The Association of Banks in Cambodia (ABC) and the Cambodia Microfinance Association (CMA) have introduced new guidelines for their members.
They require financial institutions to adopt a more flexible approach when dealing with clients who have used land as collateral, in a move to protect vulnerable borrowers.
Under the new rules, banks and microfinance institutions are explicitly prohibited from coercing clients into selling their land to repay loans.
Instead, these institutions are urged to engage in fair and flexible negotiations that prioritise the borrower’s ability to repay without resorting to the forced sale of their assets.
“For clients with collateral, financial institutions must be flexible in negotiating with them, without resorting to forcing them to sell their land,” explained Sok Chan, head of financial inclusion and public relations at the ABC.
“We are concerned about indigenous borrowers who have mortgaged assets such as land,” he said, emphasising the importance of protecting these vulnerable groups.
The guidelines also set out strict measures to safeguard borrowers who have already pledged such lands as collateral.

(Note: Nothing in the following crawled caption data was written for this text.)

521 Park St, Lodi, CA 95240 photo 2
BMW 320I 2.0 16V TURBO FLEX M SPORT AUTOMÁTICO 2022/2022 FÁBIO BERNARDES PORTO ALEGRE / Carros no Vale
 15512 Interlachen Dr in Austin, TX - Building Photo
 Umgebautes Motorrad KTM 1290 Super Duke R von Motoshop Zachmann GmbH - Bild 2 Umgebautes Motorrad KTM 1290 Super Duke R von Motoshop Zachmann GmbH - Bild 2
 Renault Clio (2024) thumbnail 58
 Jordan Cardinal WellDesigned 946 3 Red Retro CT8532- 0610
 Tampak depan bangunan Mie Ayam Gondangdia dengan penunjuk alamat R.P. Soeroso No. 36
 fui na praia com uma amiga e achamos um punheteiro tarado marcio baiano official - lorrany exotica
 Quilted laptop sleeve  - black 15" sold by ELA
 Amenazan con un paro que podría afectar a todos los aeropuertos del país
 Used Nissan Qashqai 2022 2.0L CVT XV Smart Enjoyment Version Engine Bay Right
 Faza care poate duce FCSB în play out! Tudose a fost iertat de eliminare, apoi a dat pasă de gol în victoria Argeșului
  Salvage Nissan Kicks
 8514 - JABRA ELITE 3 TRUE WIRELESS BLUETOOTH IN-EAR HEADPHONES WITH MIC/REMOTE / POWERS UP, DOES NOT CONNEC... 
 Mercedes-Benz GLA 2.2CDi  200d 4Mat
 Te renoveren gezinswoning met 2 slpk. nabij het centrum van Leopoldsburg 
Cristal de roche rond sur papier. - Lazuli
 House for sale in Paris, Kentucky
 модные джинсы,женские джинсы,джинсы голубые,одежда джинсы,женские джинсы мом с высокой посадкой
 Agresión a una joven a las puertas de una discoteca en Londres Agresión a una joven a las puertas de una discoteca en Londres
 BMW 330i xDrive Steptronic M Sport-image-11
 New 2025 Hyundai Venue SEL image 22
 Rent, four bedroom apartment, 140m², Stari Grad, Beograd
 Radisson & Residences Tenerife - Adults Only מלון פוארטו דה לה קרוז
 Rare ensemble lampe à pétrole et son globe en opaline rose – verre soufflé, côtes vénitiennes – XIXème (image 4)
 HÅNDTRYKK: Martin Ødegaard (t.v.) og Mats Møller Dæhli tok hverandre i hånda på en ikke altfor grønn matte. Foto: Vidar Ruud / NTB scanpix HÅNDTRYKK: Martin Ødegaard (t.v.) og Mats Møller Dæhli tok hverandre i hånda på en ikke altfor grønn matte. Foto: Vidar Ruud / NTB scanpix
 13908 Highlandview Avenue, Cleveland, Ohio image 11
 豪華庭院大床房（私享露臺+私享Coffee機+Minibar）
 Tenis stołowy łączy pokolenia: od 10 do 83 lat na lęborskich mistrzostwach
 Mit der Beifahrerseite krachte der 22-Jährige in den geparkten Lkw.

The guidelines, effective from August 16, also prohibit the acceptance of certain types of collectively-owned or state-owned land as collateral for new loans.
This includes state private land, public state land that is already registered, indigenous community land, collective land, land which is under the jurisdiction of the APSARA National Authority, wildlife sanctuary land, protected areas and other protected land.
These categories of communally-held or state-owned lands may not be accepted as security for new loan agreements.
In accordance with institutional guidelines, any collateral involving land must be handled with the utmost care and integrity. All financial institutions are strictly prohibited from using coercive sales tactics or encouraging customers to sell their land.
Upon full repayment of the loan, the title deed used as collateral must be promptly returned to the customer.
Additionally, the institution is explicitly forbidden from accepting personal identification documents –such as National Identity Cards, family books, residence books, passports, birth certificates or equity cards (ID Poor) – as collateral for credit.
Chan stressed that these measures are part of the broader responsibility of financial institutions to adhere to ethical lending practices, as outlined in the Code of Conduct which was issued in March 2022.
To ensure compliance, the ABC has established a hotline for customer complaints and plans to evaluate 30 institutions in the initial phase of enforcing these guidelines.